Why I Am Not a Painter

(Sardines by Michael Goldberg, 1924-2007,
American Expressionist painter)

Frank O’Hara was a “poet among painters,” surrounded by a large circle of New York artists. In addition to his work as a poet, he was an art critic and essayist and curator of exhibitions at the Museum of Modern Art.

While O’Hara may not have been a painter in oils, the poem below shows that he had the skill and technique to create an Expressionist image in words.


I am not a painter, I am a poet.
Why? I think I would rather be
a painter, but I am not. Well,

for instance, Mike Goldberg
is starting a painting. I drop in.
“Sit down and have a drink” he
says. I drink; we drink. I look
up. “You have SARDINES in it.”
“Yes, it needed something there.”
“Oh.” I go and the days go by
and I drop in again. The painting
is going on, and I go, and the days
go by. I drop in.
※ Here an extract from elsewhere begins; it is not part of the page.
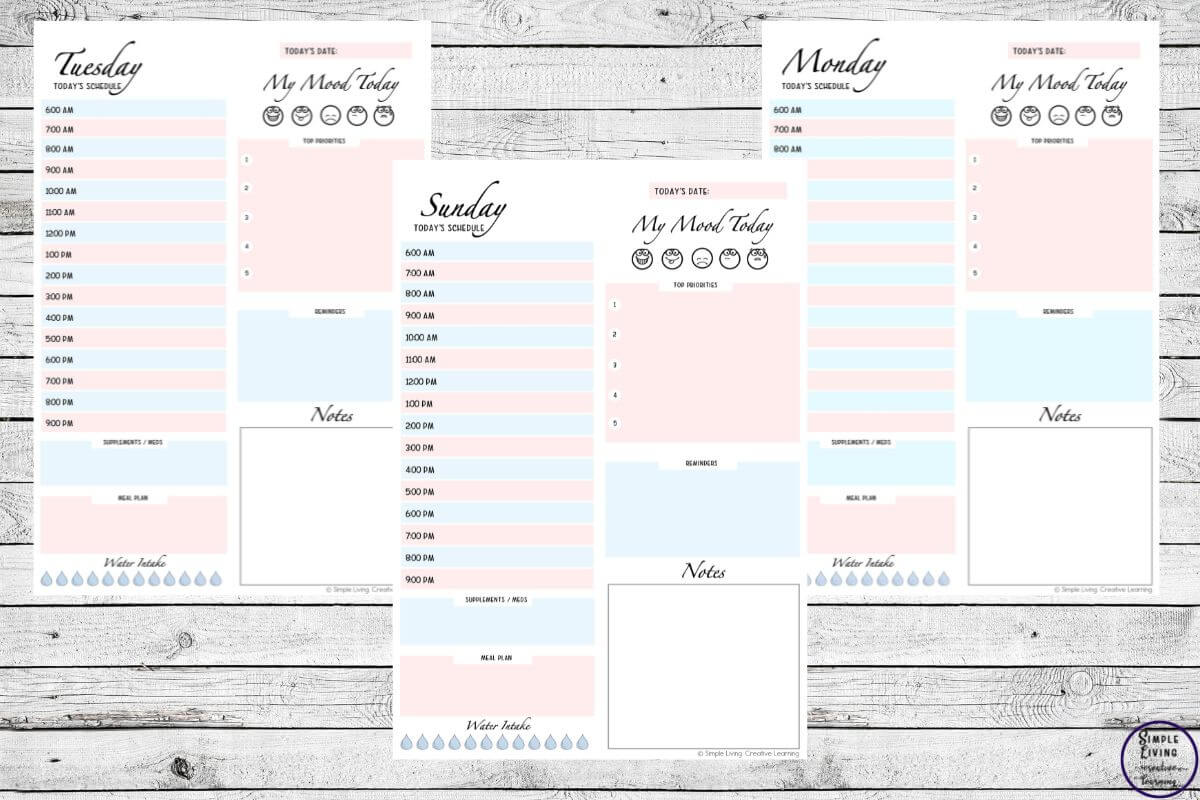 Printable Productivity Planner three different pages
The painting is
finished. “Where’s SARDINES?”
All that’s left is just
letters, “It was too much,” Mike says.

But me? One day I am thinking of
a color: orange. I write a line
about orange. Pretty soon it is a
whole page of words, not lines.
Then another page. There should be
so much more, not of orange, of
words, of how terrible orange is
and life. Days go by. It is even in
prose, I am a real poet. My poem
is finished and I haven’t mentioned
orange yet. It’s twelve poems, I call
it ORANGES. And one day in a gallery
I see Mike’s painting, called SARDINES.